Plus de trente ans. C’est le temps qu’il a fallu à l’Etat pour faire aboutir un processus d’autodétermination en Nouvelle-Calédonie, archipel français situé au nord-est de l’Australie et colonisé par la France en 1853 sur ordre de Napoléon III. Collectivité d’outre-mer bénéficiant d’un statut spécial inscrit dans la Constitution, l’île a, jusqu’en 1931, accueilli un bagne où ont déporté plus de 20 000 personnes dont plusieurs participants à la Commune de Paris, dont Louise Michel. Les Kanaks, qui bénéficient de la citoyenneté française depuis 1946 seulement, revendiquent depuis plus d’un siècle leur droit à l’indépendance. Le troisième référendum sur l’indépendance fixé par l’Etat au 12 décembre est censé clore un processus de paix ouvert par la gauche dans les années 1980.
Reportage
22 avril-5 mai 1988 - Attaque de la grotte d’Ouvéa
A deux jours du premier tour de la présidentielle et alors que les violences entre indépendantistes et partisans du maintien de la Nouvelle-Calédonie dans la République s’intensifient, des militants du FLNKS prennent d’assaut la gendarmerie de l’atoll d’Ouvéa. 4 gendarmes sont tués, 27 autres sont retenus en otage dans une grotte pendant plusieurs jours. Sur fond d’affrontement politique à Paris entre François Mitterrand (président de la République) et Jacques Chirac (Premier ministre), qualifiés pour le second tour de l’élection, ordre est lancé à l’armée de donner l’assaut : 19 Kanaks et 2 autres militaires sont tués.
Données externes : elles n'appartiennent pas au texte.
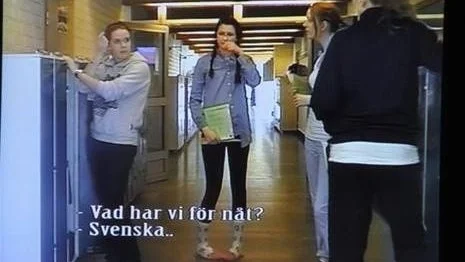 Elever i årskurs nio spelar in film. Filmklipp från "På väg till gymnasiet".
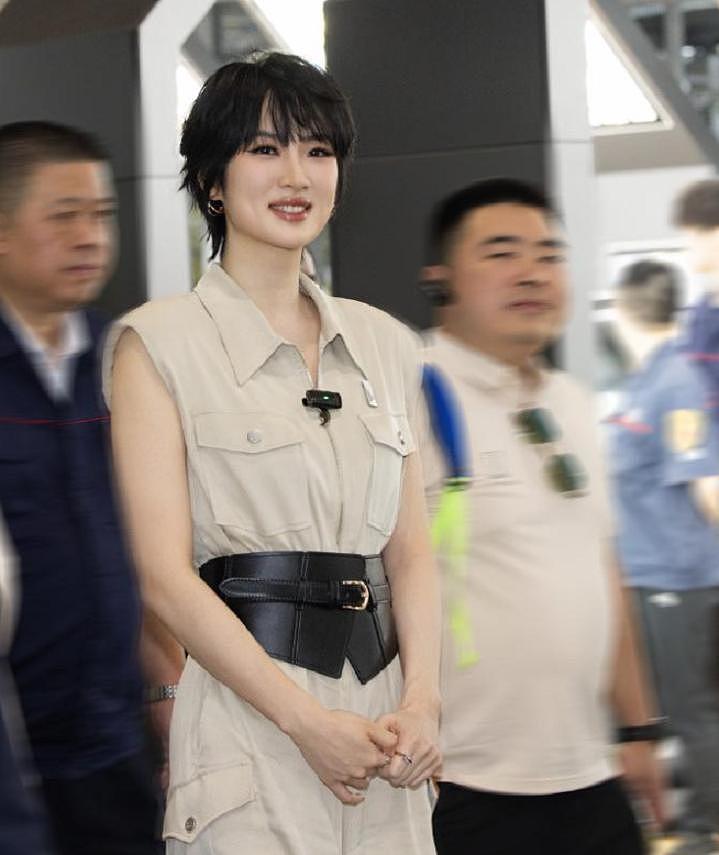 不秀奢靡,不撒狗粮,姚安娜穿工装下工厂,用行动展示自己的价值(组图) - 3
26 juin 1988 - Accords de Matignon
A Paris, indépendantistes menés par Jean-Marie Tjibaou et loyalistes de Jacques Lafleur, leader du Rassemblement pour la Calédonie dans la République (RPCR), signent un texte historique sous l’égide du gouvernement de Michel Rocard. Les accords prévoient d’attendre dix ans avant de permettre aux Néo-Calédoniens de se prononcer sur leur indépendance. Dans l’intervalle, l’Etat français promet un meilleur équilibre des pouvoirs économiques et institutionnels en direction de la communauté kanake.
4 mai 1989 - Assassinat de Tjibaou
Lors de la commémoration des victimes d’Ouvéa, Jean-Marie Tjibaou est assassiné, tout comme son bras droit au FLNKS, Yeiwéné Yeiwéné, par un Kanak indépendantiste opposé aux accords de Matignon.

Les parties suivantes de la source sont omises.